Forget about this. I've just checked this through Google and Brahms wrote his Op.102 in 1887, and Dvorak composed his symphony in 1883-4 (He had Brahms third in mind). Anyway, it seems interesting that when ressembling Brahms, Dvorak quoted a motiv-to-be from him.


----------



## Kurkikohtaus

Or perhaps the other way around?

I say that tongue in cheek, one should not make too much of motives that resemble each other in the Classical / Romantic language. Everybody was influenced by everybody, and then there are only so many different motives one can write, it is often just a coincidence.


----------



## Manuel

Kurkikohtaus said:


> Or perhaps the other way around?
> 
> I say that tongue in cheek, one should not make too much of motives that resemble each other in the Classical / Romantic language. Everybody was influenced by everybody, and then there are only so many different motives one can write, it is often just a coincidence.

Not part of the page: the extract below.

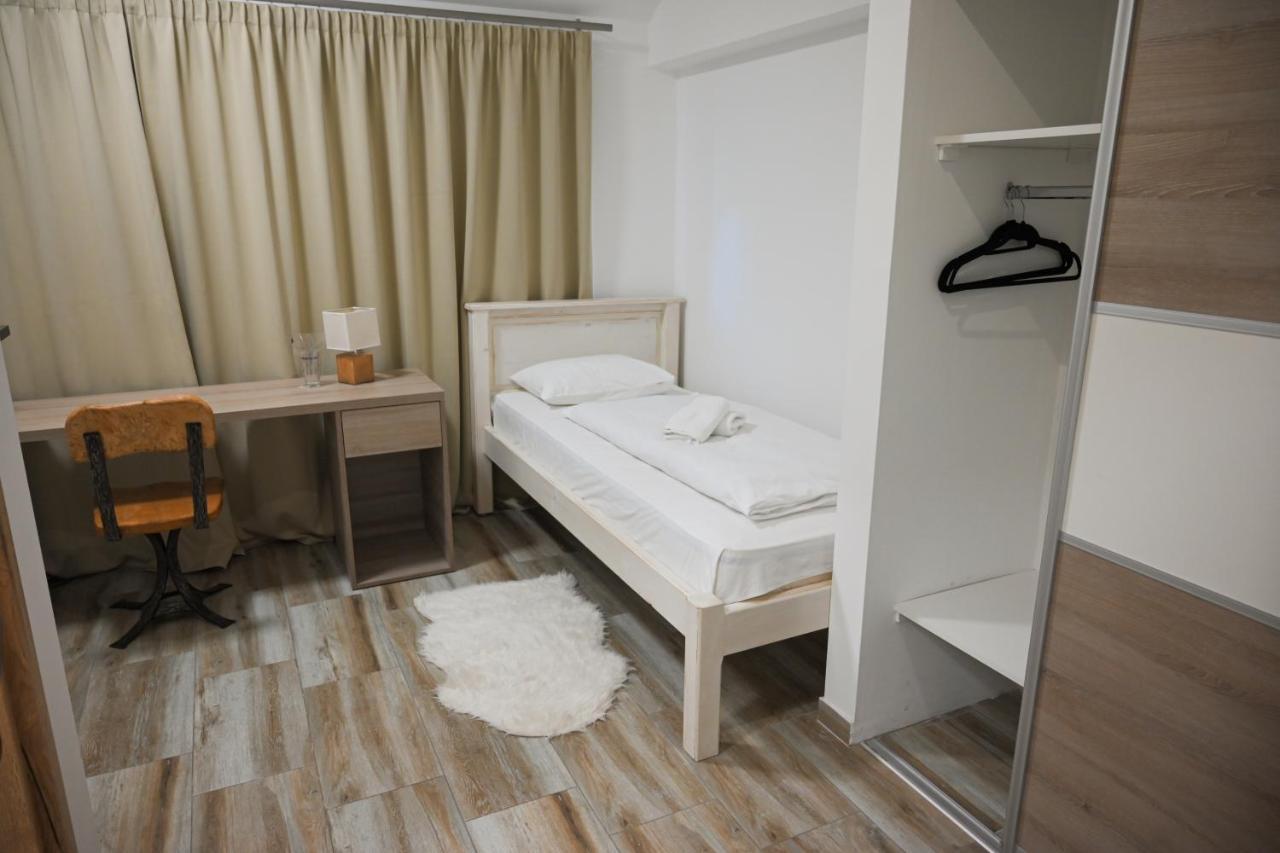 Aparthotel Twenty Park à Kikinda Extérieur photo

I agree in this Dvorak-Brahms case the similarity it's purely coincidential; but there are pieces in which composers are quoted as an hommage to their work, as a recognition. This would be the case, IMO, of Beethoven quoting Bach in his Tempest sonata; Berg quoting a Bach chorale in his violin concerto... and many more.
Discovering this type of things surely adds enjoyment to my listening of music.


----------



## terotero

As strange as it may sound but I think Dvorak follows more of Beethoven than Brahms or Bruckner.


----------



## Manuel

terotero said:


> As strange as it may sound but I think Dvorak follows more of Beethoven than Brahms or Bruckner.

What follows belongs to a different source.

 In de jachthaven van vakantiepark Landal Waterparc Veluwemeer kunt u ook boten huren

Perhaps that's because Brahms and Bruckner were following Beethoven themselves*. So, those who follow both Brahms and Beethoven are getting a double dose of the Bonn maestro.

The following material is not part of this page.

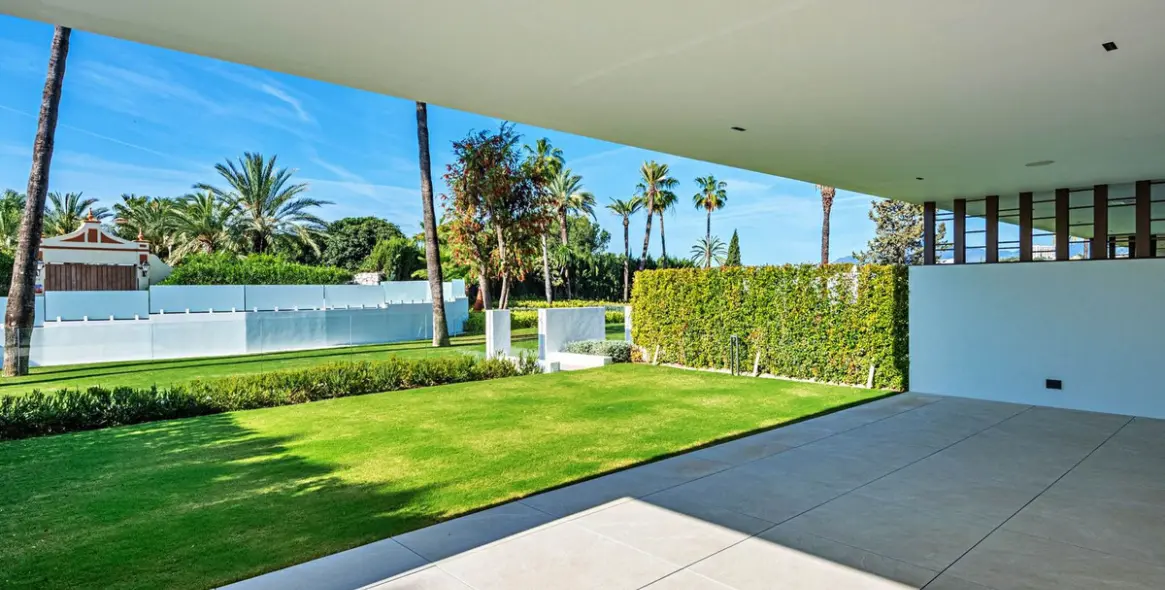 Sale of semi-detached house in The Golden Mile 29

*The opening of Beethoven's Ninth, for example, had a heavy influence on Bruckner.


----------



## Kurkikohtaus

terotero said:


> ... I think Dvorak follows more of Beethoven than Brahms or Bruckner.


Dvořák, in his early Symphonies (1-5) was very much a Wagnerian. He then met Brahms and after the 6th symphony (1880) he never looked back, often citing Brahms as his main influence and greatest model.

So by his own reckoning, Dvořák was a Brahmsian.


----------



## Gustav

well, i would argue that Dvorak belong to the Wagnerian School than Brahms.


----------



## Manuel

Gustav said:


> well, i would argue that Dvorak belong to the Wagnerian School than Brahms.


Really? Why?


----------



## Oneiros

Manuel said:


> Perhaps that's because Brahms and Bruckner were following Beethoven themselves*. So, those who follow both Brahms and Beethoven are getting a double dose of the Bonn maestro.
> 
> *The opening of Beethoven's Ninth, for example, had a heavy influence on Bruckner.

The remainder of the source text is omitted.